This project’s planter is rather small, just 9 centimeters in height, and weighs around 300 grams. This particular plant requires a fair amount of sunlight for growing so hanging it on a sunny wall is ideal. For this, we need a wall mount!

The overall goals for this project are:

1. Create a wall mount tough enough for the planter while using the least amount of material possible.
2. Design a cool, organic-looking model, as this will be 3D printed home decor and we’d like good aesthetics.

Now that we understand what the project is all about, let’s get started with the tutorial.

Before diving into the generative design environment, it’s a good idea to create a model of the environment where the new part will be inserted. This modeling should provide some clarity to the entire project and the parts that’ll be used by the generative design study.

In a new Fusion360 project, model the planter and a wall as shown. The latter is actually a strip of wood to which the designed part will be screwed later, but for the purposes of this tutorial, it serves as a regular wall. Here you can model your own planter but feel free to use our own as an example.

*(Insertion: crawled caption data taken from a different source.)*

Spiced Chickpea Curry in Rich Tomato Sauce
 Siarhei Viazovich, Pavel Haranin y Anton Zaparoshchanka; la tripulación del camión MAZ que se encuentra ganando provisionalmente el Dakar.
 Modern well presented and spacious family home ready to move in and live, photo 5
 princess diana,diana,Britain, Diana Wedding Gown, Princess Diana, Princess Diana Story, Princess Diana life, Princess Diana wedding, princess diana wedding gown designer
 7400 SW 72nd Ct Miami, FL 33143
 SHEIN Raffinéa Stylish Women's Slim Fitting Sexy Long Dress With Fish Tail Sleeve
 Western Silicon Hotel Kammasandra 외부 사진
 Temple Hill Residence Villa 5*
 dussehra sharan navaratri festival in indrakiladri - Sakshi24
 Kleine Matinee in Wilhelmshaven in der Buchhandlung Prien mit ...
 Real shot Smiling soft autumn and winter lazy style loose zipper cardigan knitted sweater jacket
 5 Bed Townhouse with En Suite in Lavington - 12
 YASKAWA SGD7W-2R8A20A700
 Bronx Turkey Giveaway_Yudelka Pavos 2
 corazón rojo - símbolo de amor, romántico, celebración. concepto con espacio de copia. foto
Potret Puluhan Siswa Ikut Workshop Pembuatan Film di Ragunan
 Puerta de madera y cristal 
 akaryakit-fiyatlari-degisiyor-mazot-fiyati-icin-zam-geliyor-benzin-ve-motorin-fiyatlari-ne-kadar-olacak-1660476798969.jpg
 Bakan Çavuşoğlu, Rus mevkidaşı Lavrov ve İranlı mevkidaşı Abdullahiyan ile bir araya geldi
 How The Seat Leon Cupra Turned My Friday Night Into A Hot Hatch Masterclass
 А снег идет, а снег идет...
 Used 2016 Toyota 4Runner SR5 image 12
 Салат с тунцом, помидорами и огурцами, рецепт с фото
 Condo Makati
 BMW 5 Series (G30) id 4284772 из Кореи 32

The planter sketch dimensions are displayed in the image below and we used the revolve feature for creating the body.

There’s no need to shell the model so place the planter relative to the wall as it will be positioned with the new wall mount.

This step should make the interface geometry creation easier as we’ll see next.

As mentioned earlier, the generative design tool will develop the model from scratch. Still, a so-called interface geometry is required to guarantee the new part will interact with the other bodies the way we want. For example, we’ll be using a couple of M5 wood screws to attach the mount to the wood, so we must create mounting surfaces that’ll work with these fasteners.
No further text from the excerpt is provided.